- **TASK REQUIREMENTS**
Once you find the line with "Jimmy Choo Papyrus" in the entries below, print it and each line after it up to and including the line with "Garment-Dyed T-Shirt with", exactly, without pictures.

*** RECORDS FOR THIS TASK ***

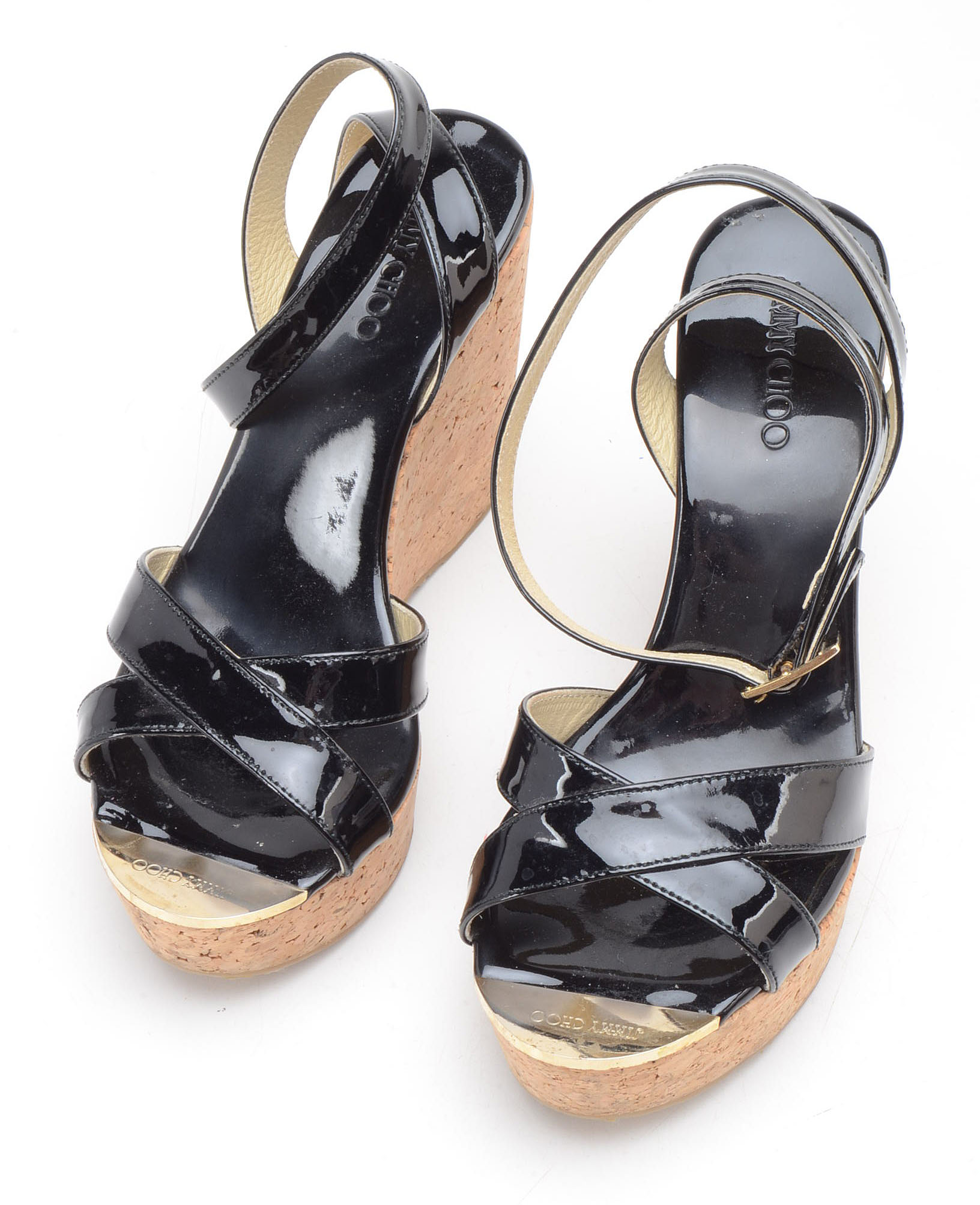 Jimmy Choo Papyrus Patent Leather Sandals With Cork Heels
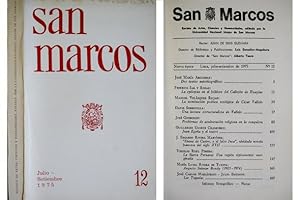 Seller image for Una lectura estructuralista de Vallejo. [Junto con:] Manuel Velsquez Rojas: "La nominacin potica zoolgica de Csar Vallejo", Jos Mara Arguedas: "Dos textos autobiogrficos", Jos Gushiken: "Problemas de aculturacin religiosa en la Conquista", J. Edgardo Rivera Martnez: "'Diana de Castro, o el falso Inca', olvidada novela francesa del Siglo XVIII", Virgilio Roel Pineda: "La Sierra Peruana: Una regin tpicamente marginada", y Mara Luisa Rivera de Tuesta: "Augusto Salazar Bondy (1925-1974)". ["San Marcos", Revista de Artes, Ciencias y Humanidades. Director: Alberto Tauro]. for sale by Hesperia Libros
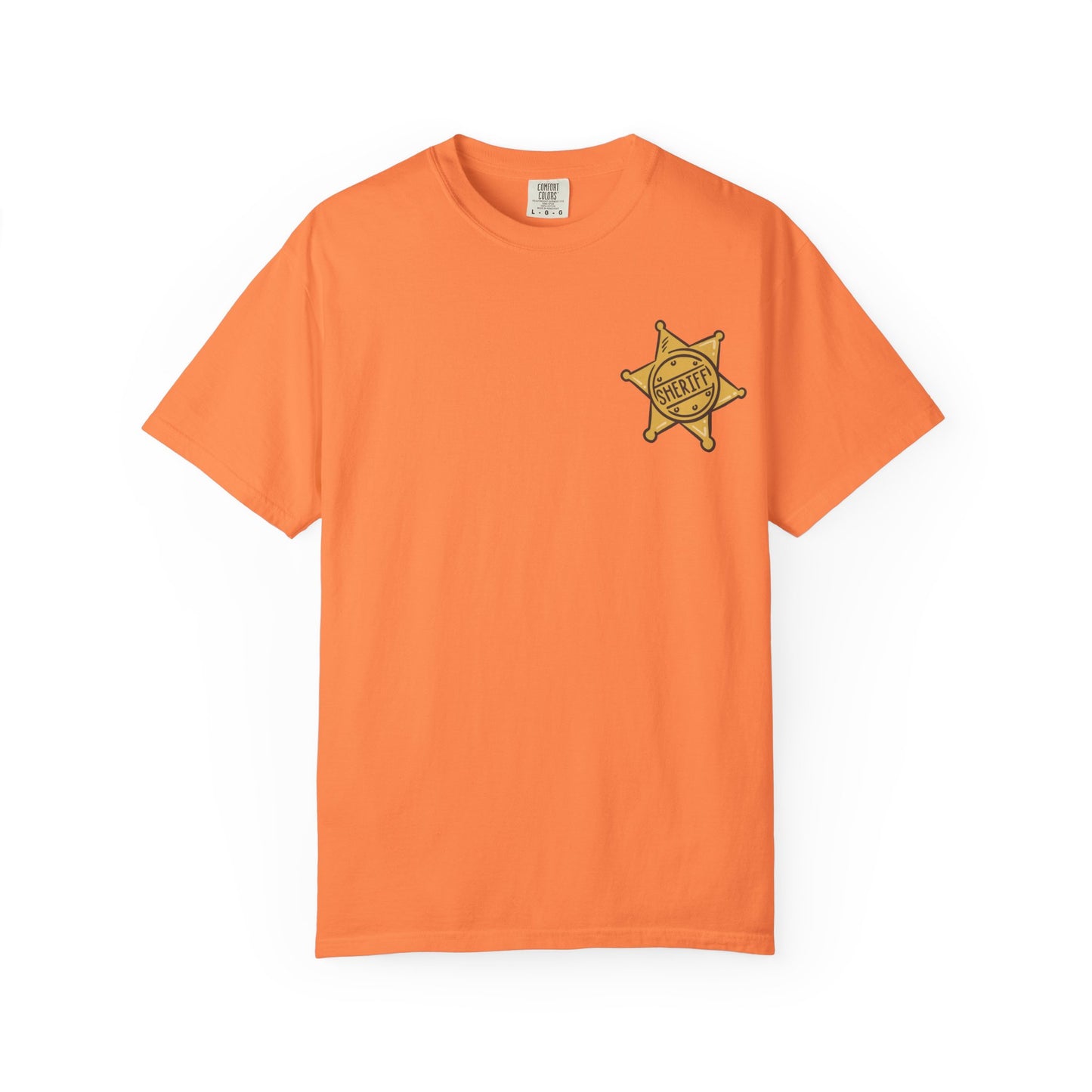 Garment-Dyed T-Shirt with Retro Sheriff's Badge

***
*** RECORDS FOR THIS TASK ***

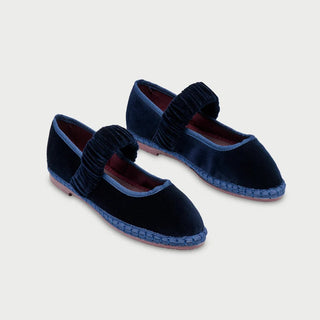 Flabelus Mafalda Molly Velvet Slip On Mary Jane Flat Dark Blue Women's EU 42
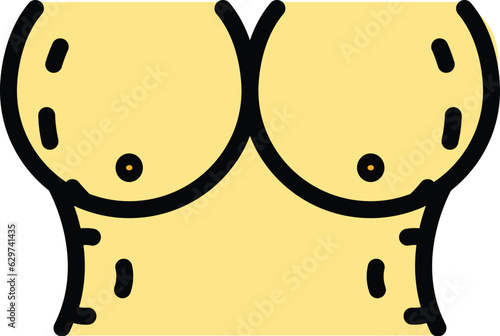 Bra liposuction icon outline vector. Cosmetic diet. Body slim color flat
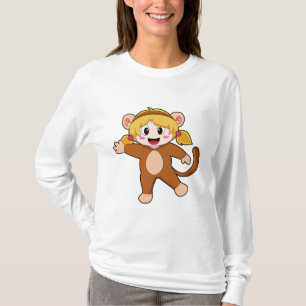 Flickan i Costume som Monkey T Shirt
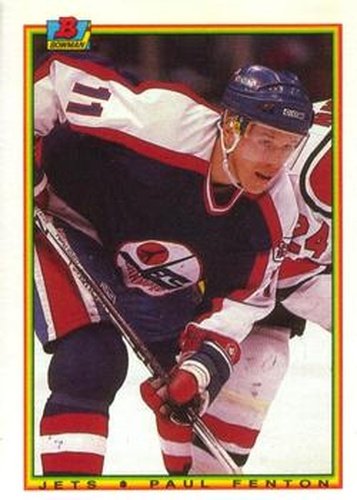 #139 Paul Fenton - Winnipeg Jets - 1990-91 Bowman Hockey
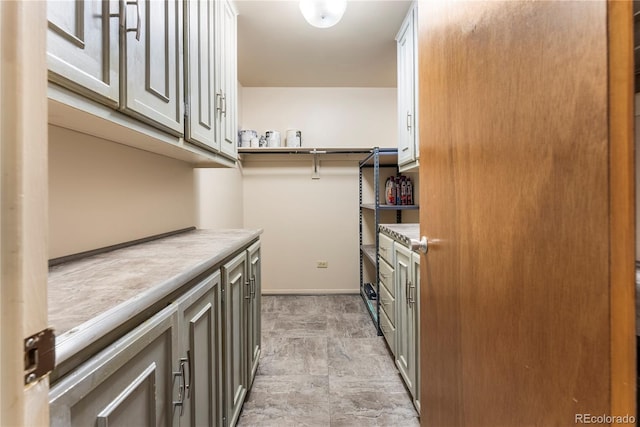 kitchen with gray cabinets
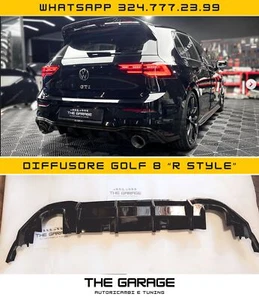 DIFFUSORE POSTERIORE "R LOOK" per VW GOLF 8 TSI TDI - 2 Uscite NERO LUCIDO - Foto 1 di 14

***
*** RECORDS FOR THIS TASK ***

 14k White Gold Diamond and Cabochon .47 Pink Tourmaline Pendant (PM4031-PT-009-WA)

***

- **EXERCISE ANSWER**
 Jimmy Choo Papyrus Patent Leather Sandals With Cork Heels
 Seller image for Una lectura estructuralista de Vallejo. [Junto con:] Manuel Velsquez Rojas: "La nominacin potica zoolgica de Csar Vallejo", Jos Mara Arguedas: "Dos textos autobiogrficos", Jos Gushiken: "Problemas de aculturacin religiosa en la Conquista", J. Edgardo Rivera Martnez: "'Diana de Castro, o el falso Inca', olvidada novela francesa del Siglo XVIII", Virgilio Roel Pineda: "La Sierra Peruana: Una regin tpicamente marginada", y Mara Luisa Rivera de Tuesta: "Augusto Salazar Bondy (1925-1974)". ["San Marcos", Revista de Artes, Ciencias y Humanidades. Director: Alberto Tauro]. for sale by Hesperia Libros
 Garment-Dyed T-Shirt with Retro Sheriff's Badge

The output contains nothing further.